[LISTED ENTRIES]:
◆ ◆ ◆

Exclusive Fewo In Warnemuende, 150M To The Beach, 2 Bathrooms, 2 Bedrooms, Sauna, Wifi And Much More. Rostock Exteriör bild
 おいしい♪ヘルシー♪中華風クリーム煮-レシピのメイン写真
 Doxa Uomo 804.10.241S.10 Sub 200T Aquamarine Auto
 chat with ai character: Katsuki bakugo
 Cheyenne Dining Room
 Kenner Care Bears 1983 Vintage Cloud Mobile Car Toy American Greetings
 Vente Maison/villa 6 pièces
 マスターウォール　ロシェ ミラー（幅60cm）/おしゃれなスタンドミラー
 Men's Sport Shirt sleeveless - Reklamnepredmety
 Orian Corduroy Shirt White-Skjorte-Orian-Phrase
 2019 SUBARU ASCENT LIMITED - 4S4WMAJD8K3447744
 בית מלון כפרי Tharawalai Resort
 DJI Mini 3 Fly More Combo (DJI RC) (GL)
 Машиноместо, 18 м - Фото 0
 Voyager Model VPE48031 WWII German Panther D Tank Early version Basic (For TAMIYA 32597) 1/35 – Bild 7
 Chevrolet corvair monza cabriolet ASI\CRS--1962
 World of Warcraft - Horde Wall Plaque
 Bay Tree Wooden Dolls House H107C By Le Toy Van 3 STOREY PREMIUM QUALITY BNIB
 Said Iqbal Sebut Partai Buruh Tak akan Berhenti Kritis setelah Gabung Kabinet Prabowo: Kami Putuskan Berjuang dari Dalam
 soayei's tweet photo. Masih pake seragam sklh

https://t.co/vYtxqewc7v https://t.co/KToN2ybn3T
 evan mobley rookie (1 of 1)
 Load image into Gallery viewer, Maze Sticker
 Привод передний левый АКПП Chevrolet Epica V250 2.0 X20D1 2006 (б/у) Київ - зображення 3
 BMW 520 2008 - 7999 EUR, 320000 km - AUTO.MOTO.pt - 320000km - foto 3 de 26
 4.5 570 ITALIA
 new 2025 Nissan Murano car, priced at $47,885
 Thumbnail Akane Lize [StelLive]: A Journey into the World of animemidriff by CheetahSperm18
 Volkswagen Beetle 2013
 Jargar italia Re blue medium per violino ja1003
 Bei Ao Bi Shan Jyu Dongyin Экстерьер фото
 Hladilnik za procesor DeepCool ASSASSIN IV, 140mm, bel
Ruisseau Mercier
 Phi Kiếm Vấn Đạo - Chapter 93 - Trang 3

◆ ◆ ◆

[INSTRUCTIONS FOR THE TASK]:
Taking the line with "おいしい♪ヘルシー♪中華風クリーム煮-レシピのメイン写真" as the first and the line with "soayei's tweet photo." as the last, retype that stretch of the data above exactly, with no other lines.

[OUTPUT OF THE EXERCISE]:
 おいしい♪ヘルシー♪中華風クリーム煮-レシピのメイン写真
 Doxa Uomo 804.10.241S.10 Sub 200T Aquamarine Auto
 chat with ai character: Katsuki bakugo
 Cheyenne Dining Room
 Kenner Care Bears 1983 Vintage Cloud Mobile Car Toy American Greetings
 Vente Maison/villa 6 pièces
 マスターウォール　ロシェ ミラー（幅60cm）/おしゃれなスタンドミラー
 Men's Sport Shirt sleeveless - Reklamnepredmety
 Orian Corduroy Shirt White-Skjorte-Orian-Phrase
 2019 SUBARU ASCENT LIMITED - 4S4WMAJD8K3447744
 בית מלון כפרי Tharawalai Resort
 DJI Mini 3 Fly More Combo (DJI RC) (GL)
 Машиноместо, 18 м - Фото 0
 Voyager Model VPE48031 WWII German Panther D Tank Early version Basic (For TAMIYA 32597) 1/35 – Bild 7
 Chevrolet corvair monza cabriolet ASI\CRS--1962
 World of Warcraft - Horde Wall Plaque
 Bay Tree Wooden Dolls House H107C By Le Toy Van 3 STOREY PREMIUM QUALITY BNIB
 Said Iqbal Sebut Partai Buruh Tak akan Berhenti Kritis setelah Gabung Kabinet Prabowo: Kami Putuskan Berjuang dari Dalam
 soayei's tweet photo. Masih pake seragam sklh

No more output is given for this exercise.